# [Exercise inputs]
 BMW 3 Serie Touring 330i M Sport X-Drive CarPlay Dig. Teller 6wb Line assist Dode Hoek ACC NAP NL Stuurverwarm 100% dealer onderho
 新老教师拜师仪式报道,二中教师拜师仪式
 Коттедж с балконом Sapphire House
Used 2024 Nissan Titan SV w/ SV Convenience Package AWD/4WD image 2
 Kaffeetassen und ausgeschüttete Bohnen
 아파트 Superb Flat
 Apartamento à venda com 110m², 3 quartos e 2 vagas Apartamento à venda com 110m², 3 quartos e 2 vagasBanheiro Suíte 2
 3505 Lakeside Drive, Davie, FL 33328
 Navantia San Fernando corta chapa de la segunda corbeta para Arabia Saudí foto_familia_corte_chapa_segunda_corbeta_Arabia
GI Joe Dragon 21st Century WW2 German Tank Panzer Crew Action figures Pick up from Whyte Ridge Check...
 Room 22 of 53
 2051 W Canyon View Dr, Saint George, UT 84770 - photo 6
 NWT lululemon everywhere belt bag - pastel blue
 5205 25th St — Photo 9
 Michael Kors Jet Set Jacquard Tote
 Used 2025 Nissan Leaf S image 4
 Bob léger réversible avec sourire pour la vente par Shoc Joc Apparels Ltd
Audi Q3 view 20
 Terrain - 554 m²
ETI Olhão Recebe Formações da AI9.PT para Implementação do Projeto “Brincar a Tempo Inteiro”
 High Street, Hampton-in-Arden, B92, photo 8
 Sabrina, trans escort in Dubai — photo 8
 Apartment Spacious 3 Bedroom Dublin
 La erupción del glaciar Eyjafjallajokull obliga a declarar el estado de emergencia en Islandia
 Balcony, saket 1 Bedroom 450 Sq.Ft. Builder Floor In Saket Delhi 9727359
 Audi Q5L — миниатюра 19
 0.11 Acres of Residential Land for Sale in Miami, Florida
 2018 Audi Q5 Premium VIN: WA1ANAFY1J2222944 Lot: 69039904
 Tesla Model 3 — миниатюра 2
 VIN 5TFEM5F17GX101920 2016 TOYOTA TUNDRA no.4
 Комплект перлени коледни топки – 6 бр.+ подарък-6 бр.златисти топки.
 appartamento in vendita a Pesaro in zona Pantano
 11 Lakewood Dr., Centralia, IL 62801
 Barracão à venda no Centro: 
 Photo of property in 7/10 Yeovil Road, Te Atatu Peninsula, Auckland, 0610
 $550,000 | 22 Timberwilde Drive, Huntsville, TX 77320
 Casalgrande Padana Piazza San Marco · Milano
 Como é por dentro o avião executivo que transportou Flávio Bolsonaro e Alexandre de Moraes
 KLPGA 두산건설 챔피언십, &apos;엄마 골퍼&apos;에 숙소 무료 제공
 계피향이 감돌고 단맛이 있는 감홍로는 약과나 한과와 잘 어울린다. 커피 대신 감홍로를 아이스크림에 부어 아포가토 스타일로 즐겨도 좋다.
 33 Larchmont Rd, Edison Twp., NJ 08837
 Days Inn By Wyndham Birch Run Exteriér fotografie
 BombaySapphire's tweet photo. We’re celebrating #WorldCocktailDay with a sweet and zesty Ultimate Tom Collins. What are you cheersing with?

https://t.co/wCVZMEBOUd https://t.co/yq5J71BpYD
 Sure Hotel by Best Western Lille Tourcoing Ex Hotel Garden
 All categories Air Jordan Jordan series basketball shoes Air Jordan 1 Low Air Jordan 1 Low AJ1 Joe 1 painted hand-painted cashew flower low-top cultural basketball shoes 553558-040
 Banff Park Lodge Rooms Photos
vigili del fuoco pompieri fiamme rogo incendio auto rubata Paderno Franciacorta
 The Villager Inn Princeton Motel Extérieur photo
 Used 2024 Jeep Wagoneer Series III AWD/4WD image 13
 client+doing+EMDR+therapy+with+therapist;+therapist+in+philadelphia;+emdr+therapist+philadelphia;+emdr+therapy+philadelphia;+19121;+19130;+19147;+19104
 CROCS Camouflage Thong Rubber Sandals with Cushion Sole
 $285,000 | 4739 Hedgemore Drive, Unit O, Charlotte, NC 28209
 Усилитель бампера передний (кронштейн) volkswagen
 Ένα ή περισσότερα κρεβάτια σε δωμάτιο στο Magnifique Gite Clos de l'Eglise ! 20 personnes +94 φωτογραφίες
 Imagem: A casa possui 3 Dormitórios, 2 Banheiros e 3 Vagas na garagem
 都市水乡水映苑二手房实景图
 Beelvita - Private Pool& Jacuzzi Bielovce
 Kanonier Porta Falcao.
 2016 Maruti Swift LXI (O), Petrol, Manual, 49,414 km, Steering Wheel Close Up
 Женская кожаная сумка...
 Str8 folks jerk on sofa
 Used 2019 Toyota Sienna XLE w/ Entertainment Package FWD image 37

# [Exercise goal]
All lines above in which the word "venda" occurs should be identified and copied.

# [Completed task]
 Apartamento à venda com 110m², 3 quartos e 2 vagas Apartamento à venda com 110m², 3 quartos e 2 vagasBanheiro Suíte 2
 Barracão à venda no Centro: 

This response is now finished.